PostgreSQL's implementation of the TABLESAMPLE
clause supports custom table sampling methods, in addition to
the BERNOULLI
and SYSTEM
methods that are required
by the SQL standard. The sampling method determines which rows of the
table will be selected when the TABLESAMPLE
clause is used.
At the SQL level, a table sampling method is represented by a single SQL function, typically implemented in C, having the signature
method_name(internal) RETURNS tsm_handler
The name of the function is the same method name appearing in the
TABLESAMPLE
clause. The internal
argument is a dummy
(always having value zero) that simply serves to prevent this function from
being called directly from a SQL command.
The result of the function must be a palloc'd struct of
type TsmRoutine
, which contains pointers to support functions for
the sampling method. These support functions are plain C functions and
are not visible or callable at the SQL level. The support functions are
described in 57.1절.
In addition to function pointers, the TsmRoutine
struct must
provide these additional fields:
List *parameterTypes
This is an OID list containing the data type OIDs of the parameter(s)
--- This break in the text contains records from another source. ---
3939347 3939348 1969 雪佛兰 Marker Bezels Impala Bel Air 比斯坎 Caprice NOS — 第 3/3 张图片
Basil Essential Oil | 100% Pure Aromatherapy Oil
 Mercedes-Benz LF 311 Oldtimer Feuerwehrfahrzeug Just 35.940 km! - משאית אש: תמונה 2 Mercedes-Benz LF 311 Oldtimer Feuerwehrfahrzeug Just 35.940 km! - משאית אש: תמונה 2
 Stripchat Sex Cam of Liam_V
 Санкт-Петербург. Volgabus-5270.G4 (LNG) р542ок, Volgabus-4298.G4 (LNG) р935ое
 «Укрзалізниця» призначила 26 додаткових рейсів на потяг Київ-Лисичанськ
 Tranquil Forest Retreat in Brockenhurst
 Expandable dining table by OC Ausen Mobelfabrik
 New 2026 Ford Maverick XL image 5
that will be accepted by the TABLESAMPLE
clause when this
sampling method is used. For example, for the built-in methods, this
list contains a single item with value FLOAT4OID
, which
represents the sampling percentage. Custom sampling methods can have
more or different parameters.
bool repeatable_across_queries
If true
, the sampling method can deliver identical samples
across successive queries, if the same parameters
and REPEATABLE
seed value are supplied each time and the
table contents have not changed. When this is false
,
the REPEATABLE
clause is not accepted for use with the
sampling method.
bool repeatable_across_scans
If true
, the sampling method can deliver identical samples
across successive scans in the same query (assuming unchanging
parameters, seed value, and snapshot).
When this is false
, the planner will not select plans that
would require scanning the sampled table more than once, since that
might result in inconsistent query output.
The TsmRoutine
struct type is declared
in src/include/access/tsmapi.h
, which see for additional
details.
The table sampling methods included in the standard distribution are good
references when trying to write your own. Look into
the src/backend/access/tablesample
subdirectory of the source
tree for the built-in sampling methods, and into the contrib
subdirectory for add-on methods.